(Sharecast News) - Analysts at Canaccord Genuity raised their target price on software firm GB Group from 375.0p to 455.0p and moved the stock from 'speculative buy' to 'buy' on Wednesday following its full-year results a day earlier.

Canaccord Genuity stated that yesterday's FY24 results gave it further confidence that growth was sustainably re-accelerating. GB Group has seen "consistent sequential growth improvements" over the last 12 months to a roughly 5% FY24 exit-rate on the back of improving trends in its largest segment, identity, which was expected to continue this year.

The Canadian bank noted that further down the profits and loss and cash flow statements, a sequential improvement in gross margins from 69% in H124 to 71% in H2, plus well-flagged cost savings, drove underlying operating margins to 22.3%, up approximately 200 basis points year-on-year.

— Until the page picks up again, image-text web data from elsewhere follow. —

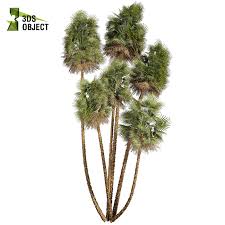 Image result for Acoelorrhaphe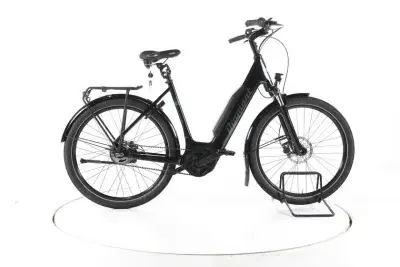 Diamant Beryll Esprit City E-Bike Tiefeinsteiger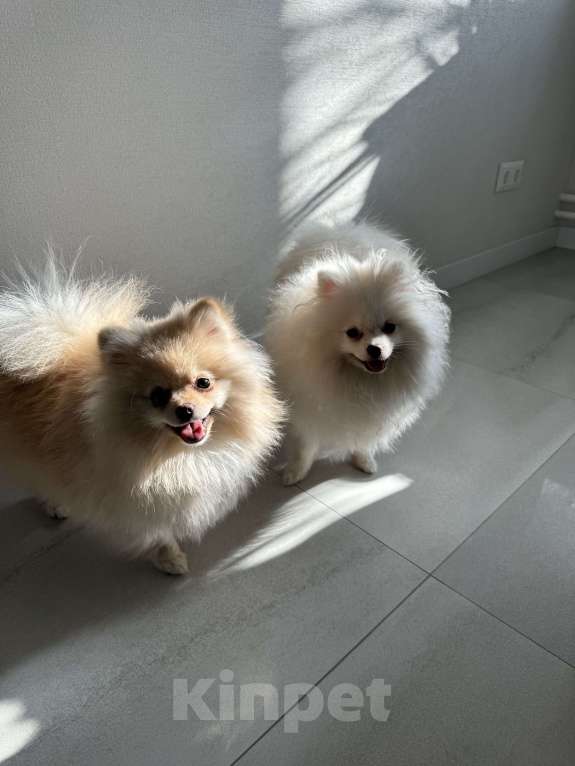 Собаки в Москве: Померанский шпиц малый Девочка, 25 000 руб. - фото 7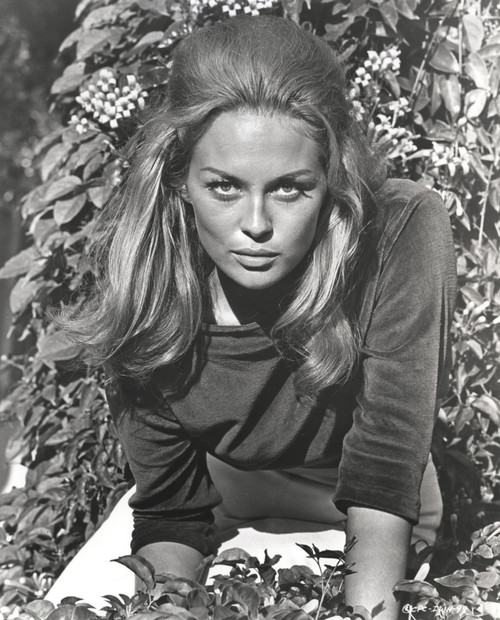 Faye Dunaway Posed in Classic Photo Print - Item # VARCEL696375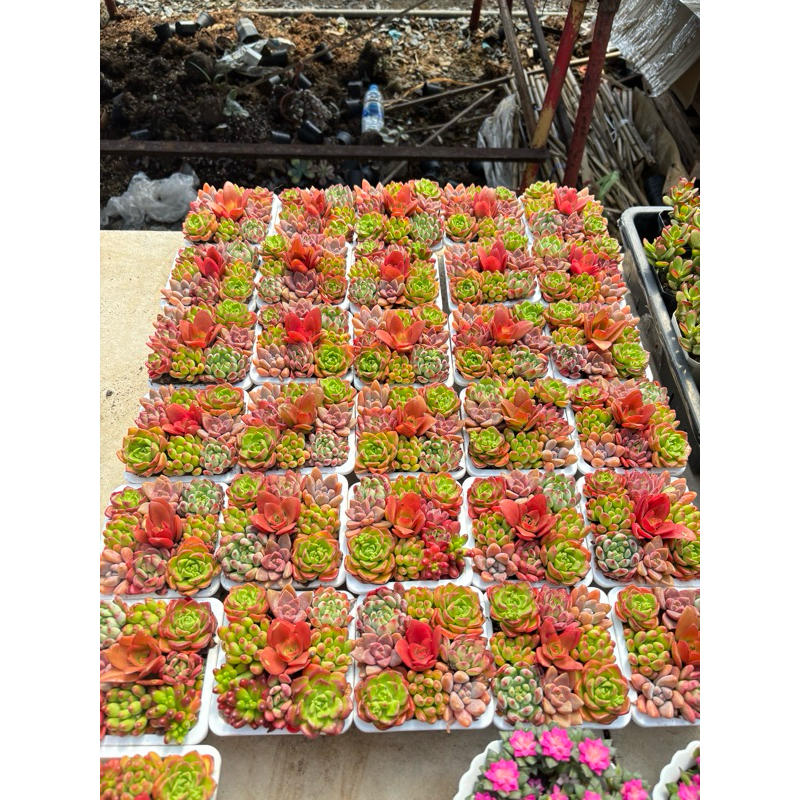 พร้อมส่ง12/12/24#กุหลาบหิน #ไม้อวบน้ำจัดเซตคละสายพันธุ์ Mix succulent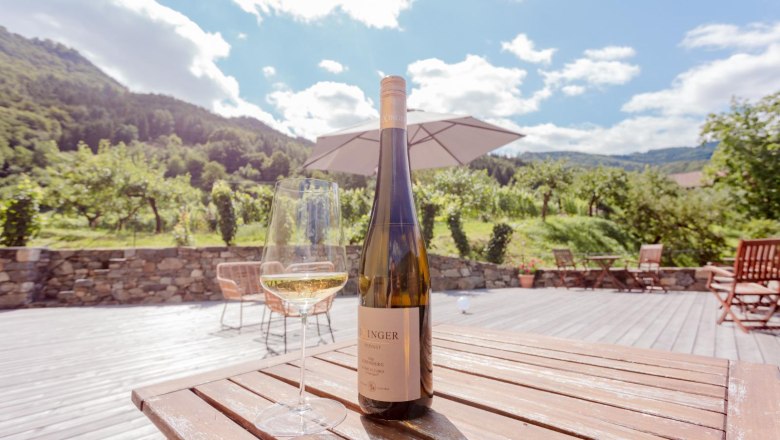 View from the terrace, &copy; Weingut Rixinger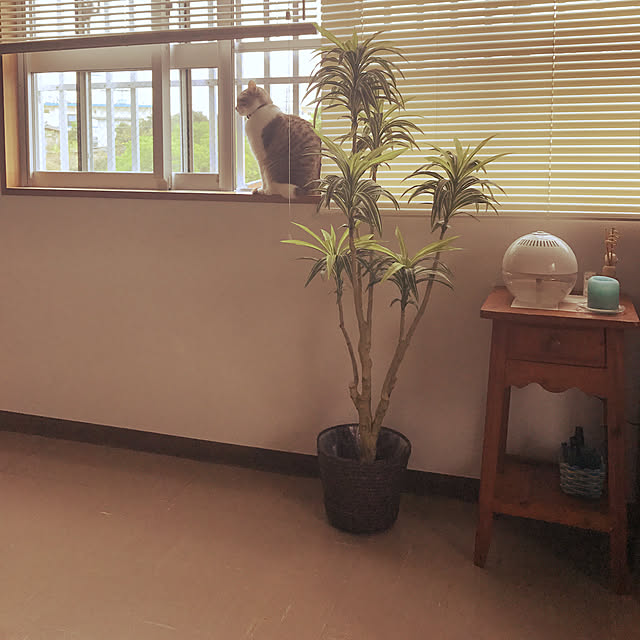 ayaさんの実例写真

Canaccord also highlighted that unlevered free cash flow of £43.0m/£35.0m after interest payments grew almost 50% year-on-year despite a roughly £5.0m net working capital outflow.

"The recent multi-year growth and EPS downgrade cycles should now be in the rear-view mirror, with key metrics such as organic growth, EPS (CGe 15% FY24-27 CAGR) and ROCE inflecting. As GBG re-builds investor confidence, the shares' discount to peers should further narrow," said Canaccord.